Long Beach plans to end its proclaimed emergency on homelessness by the end of February, city officials told the City Council Tuesday night. The move, they said, comes amid a transition to a new model of managing the crisis that includes thousands of unhoused people living in the city.

Deputy City Manager Teresa Chandler told the council Tuesday night that the city is creating a new structure to coordinate the homelessness response. It would be headed by the city manager’s office and include the health department, office of equity and a new “Everyone Home” office that could include three or four new positions.

Chandler said they hope the new office will be established by spring of 2024.

Long Beach has been under a homelessness emergency for nearly a year. The city declared the state of emergency in January 2022, a move that was intended to allow city contracts and construction projects to move more rapidly as “red tape” was reduced by granting the city manager more power.

During the emergency, Long Beach has increased its year-round shelter by acquiring a former thrift store on Anaheim Street — which is now serving as the city’s winter shelter — and made more homeless services accessible through mobile units. It’s also increased the amount of outreach work staff performs. However, some of the city’s largest projects are behind schedule.

Paul Duncan, the city’s Homeless Services Bureau manager, said Tuesday that a 78-room homeless housing project in North Long Beach that was originally supposed to open in October is now slated to break ground in February. The project involves converting the Luxury Inn on Long Beach Boulevard into temporary housing, but it’s been delayed because of problems securing a contractor.

A planned youth navigation center that will provide 12 beds and storage for youth who are living on the streets was also delayed by issues with a contractor and is set to break ground in mid-January, according to Duncan. Both projects could be further delayed if the El Nino season’s rain forces work postponements, Duncan previously said.

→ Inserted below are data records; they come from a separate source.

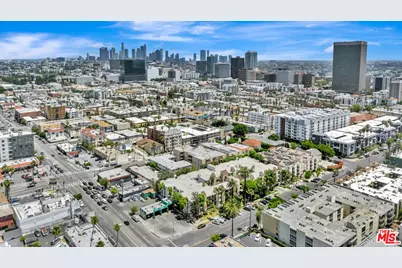 320 S Ardmore Ave #236, Los Angeles, CA 90020 - Photo 37
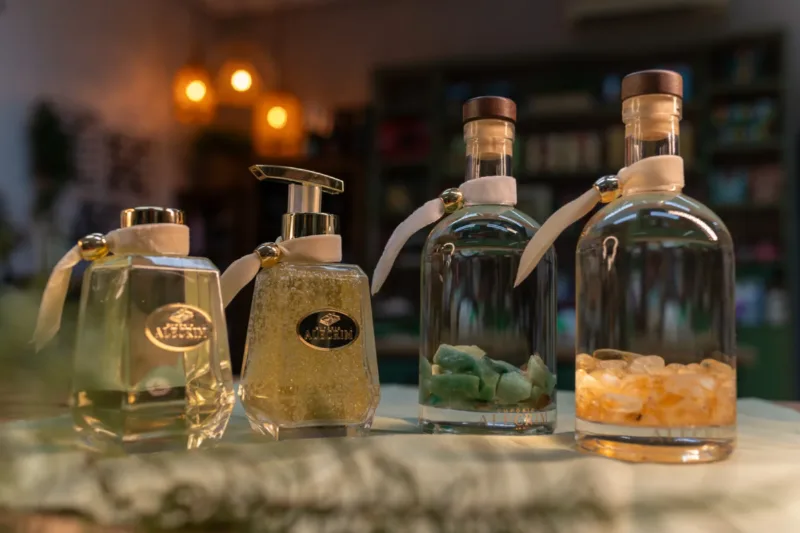 Aroma Empório Alecrim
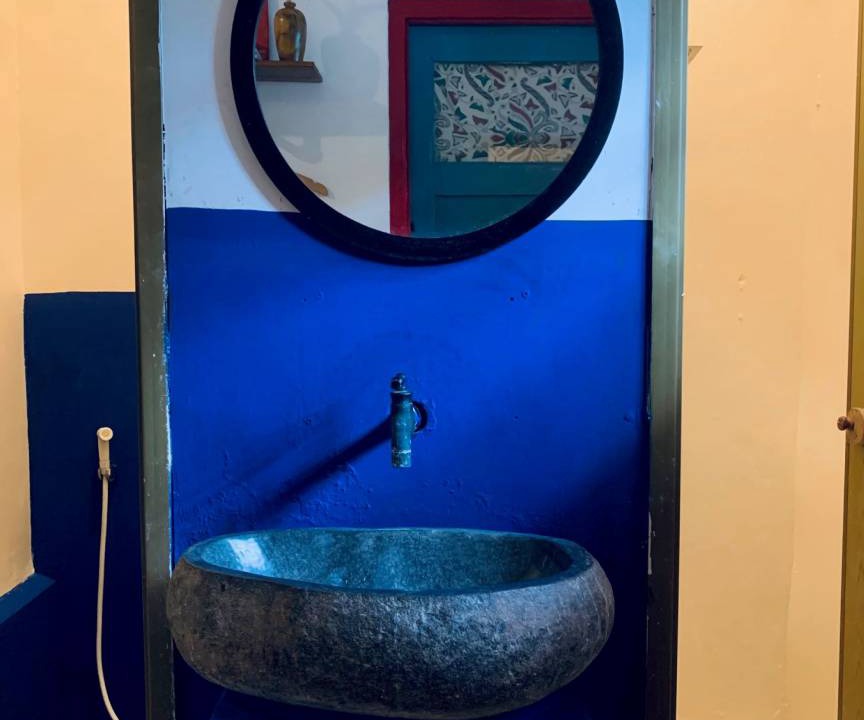 Photo of Bathroom in Yogyakarta
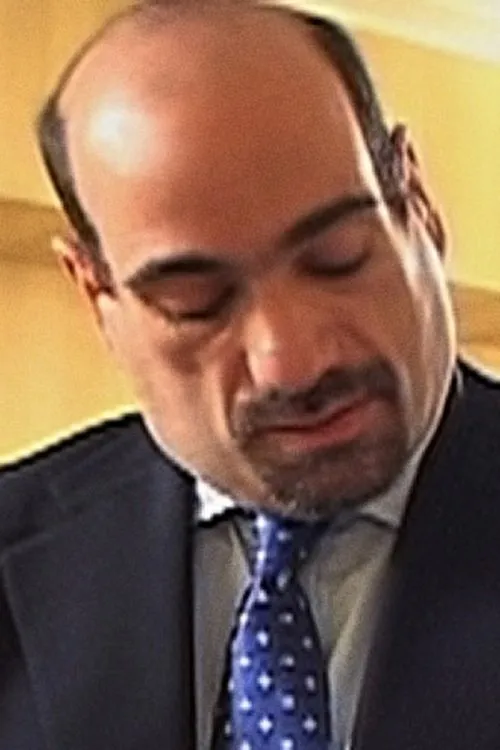 Jack Handler ha trabajado con Steven Trotter en 1 ocasiones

A third project, a 33-unit tiny home village was originally supposed to open in October as well, but the city had to move the project from next to its homeless services hub called the Multi-Service Center to a parcel next to Willow Springs Park because of concerns that a rail project near the Multi-Service Center would subject residents to untenable levels of noise and pollution. The new anticipated opening date of that project is early 2025, according to the city.

It’s not clear yet what effect the state of emergency has had on homelessness. Long Beach is preparing to perform its annual homeless count in January. Last year’s count found 3,447 people living in some state of homelessness, up from the 3,296 people the city counted in 2022.

The council is expected to get an update about the emergency at least one more time in early February before the members could vote to end the proclamation at the end of that month.